In two separate appeals, attorneys asked the high court to consider Van Poyck’s wretched childhood.
Before sentencing him to death, Palm Beach County Circuit Judge Michael Miller said the actions of the son of an Eastern Airlines executive were particularly inexplicable given that he was “raised in a good family and by people that cared for him.”
Nothing, the attorneys argued, could be further from the truth.
His family spiraled out of control when his mother died in a carbon monoxide accident when he was a toddler. He was raised by abusive family friends and then a stepmother, who was described as having a “maniacal hostility” toward Van Poyck and his two siblings.
At age 12, he was sent to a youth hall, where he was raped, and then to the Florida Boys School in Okeechobee, which was closed after investigators documented horrific abuse of youth sent there for rehabilitation.

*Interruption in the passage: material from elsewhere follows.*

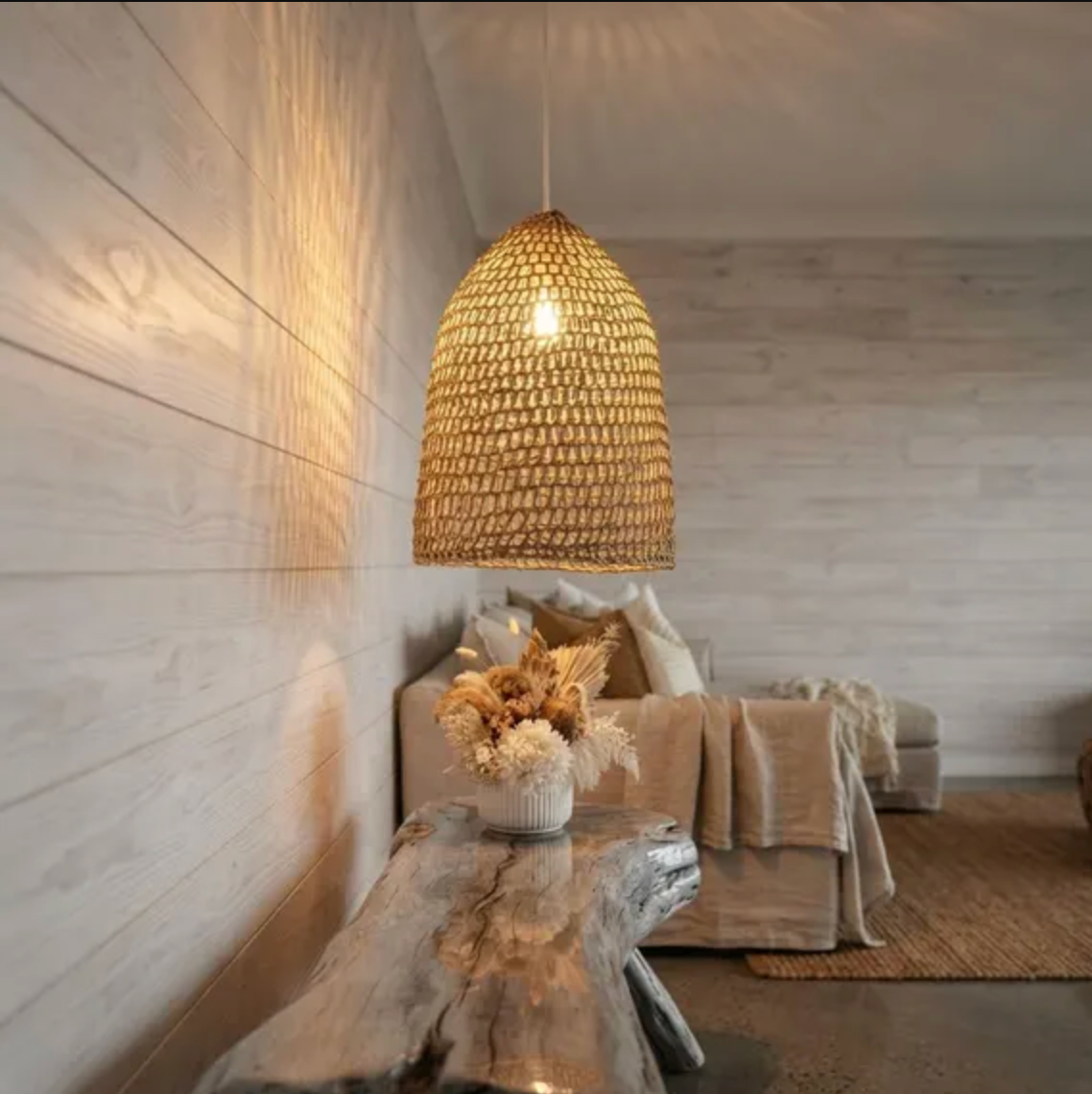 Palm Net Pendant Light Shades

The truth about Van Poyck’s childhood coupled with information that he wasn’t the triggerman could have persuaded jurors -- and Miller -- to vote for a life sentence instead of death.

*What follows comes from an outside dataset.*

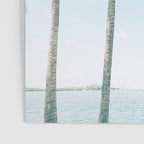 Tropical Palm Trees Poster Gallery Image 3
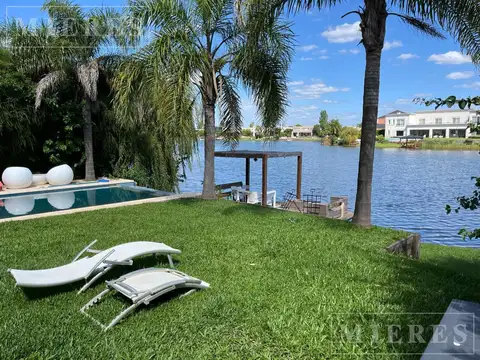 Casa en Venta en Nordelta, Partido de Tigre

Before he was beaten to death by prison guards in 1999, Van Poyck’s accomplice told his wife that he shot Griffis in a botched attempt to spring a convicted murderer who was being brought to a dermatologist for treatment, says an affidavit signed by Lake Worth resident Wanda Valdes, the widow of Frank Valdes.
Prosecutors today are expected to counter that such issues aren’t new -- that they have been rejected numerous times in other appeals.
The high court could hear oral arguments Thursday.